О повести Б.Ф. Корнева «Двое в комнате…»

 

     Советскому читателю сразу понятно, а постсоветскому придётся разъяснить: новая повесть Бориса Корнева названием своим немедленно отсылает читателя к классическому стихотворению Маяковского:

  — Двое в комнате – 

                    я 

                      и Ленин –

   Фотографией 

            на белой стене…

   Далее в стихотворении поэт разглядывает эту фотографию, и вот ему уже хочется «идти, приветствовать, рапортовать»… Рапортовать о чём-то вождю, — покойному вождю, между прочим.
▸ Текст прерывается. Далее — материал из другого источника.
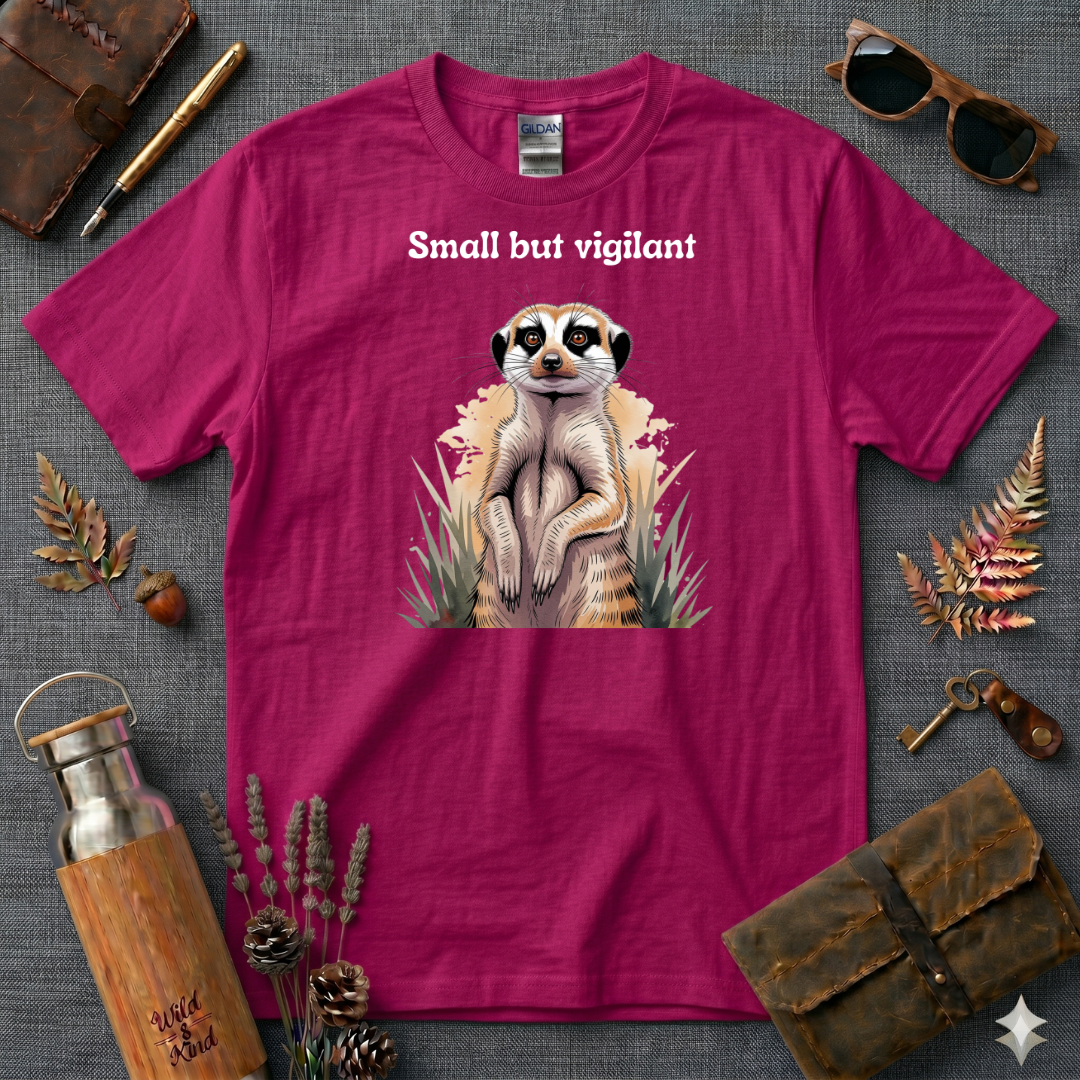 Small but Vigilant  Meerkat T-Shirt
Вождю, с которым поэт прежде не перебросился и словом. 

   Это стремление поговорить по душам с покойником (со знаменитым, как правило, покойником) – не есть личная особенность психики Маяковского, — она довольно часто встречается среди интеллигентной публики. Например, один мой знакомый время от времени (с ранней юности начиная) мысленно общается с Виссарионом Белинским: разъясняет ему современную политическую ситуацию, рассказывает о писателях, рождённых после смерти великого критика и т.д. «Вот, Виссарион Григорьевич, прочёл я намедни одну книжку и должен вам доложить…» — и так далее. Поймите правильно: речь не идёт о галлюцинациях, голосах и прочем подобном, вмешательство психиатра здесь не требуется, — просто человек сознательно или бессознательно выбрал среди исторических персонажей одного, чем-то ему симпатичного, близкого по душе, и в разговорах с ним оттачивает собственные идеи, проверяет собственные выводы, возвращается к пережитому…

   Собеседником главного героя повести Бориса Астахова стал никто иной, как граф Шарль Морис де Талейран-Перигор. Проще говоря, — тот самый Талейран, министр иностранных дел при Наполеоне I – и не только при нём. Вся повесть «Двое в комнате…» — это диалог Астахова с Талейраном. Или, скорее – монологи Астахова, прерываемые замечаниями наполеоновского министра, — замечания эти порою весьма едки, но чаще исполнены отеческой поддержки и родственного сочувствия. Астахов с Талейраном остаются на дружеской ноге на протяжении всей книги, здесь нет спора, нет дуэли, нет противопоставления, скорее наоборот: собеседники старательно нащупывают точки соприкосновения, ищут кровную близость, пытаются слиться воедино – ни больше, не меньше.

   Надо сказать, что для Б.Ф. Корнева общение с классиками (французскими, главным образом) – не новость. Человек писавший о Бодлере и Франсуа Вийоне от первого лица (то есть именно от лица Бодлера и Вийона), вполне может побеседовать и с Талейраном – почему же нет? В этом особенность данного писателя:  он не описывает исторические персонажи со стороны, а вживается в них, надевает их на себя, как перчатку на руку. И это здорово! Монологи Бодлера из повести «Зеркало любви» поражают: так и слышишь живой голос поэта, так и чувствуешь, что его кровь бьётся в твоих жилах!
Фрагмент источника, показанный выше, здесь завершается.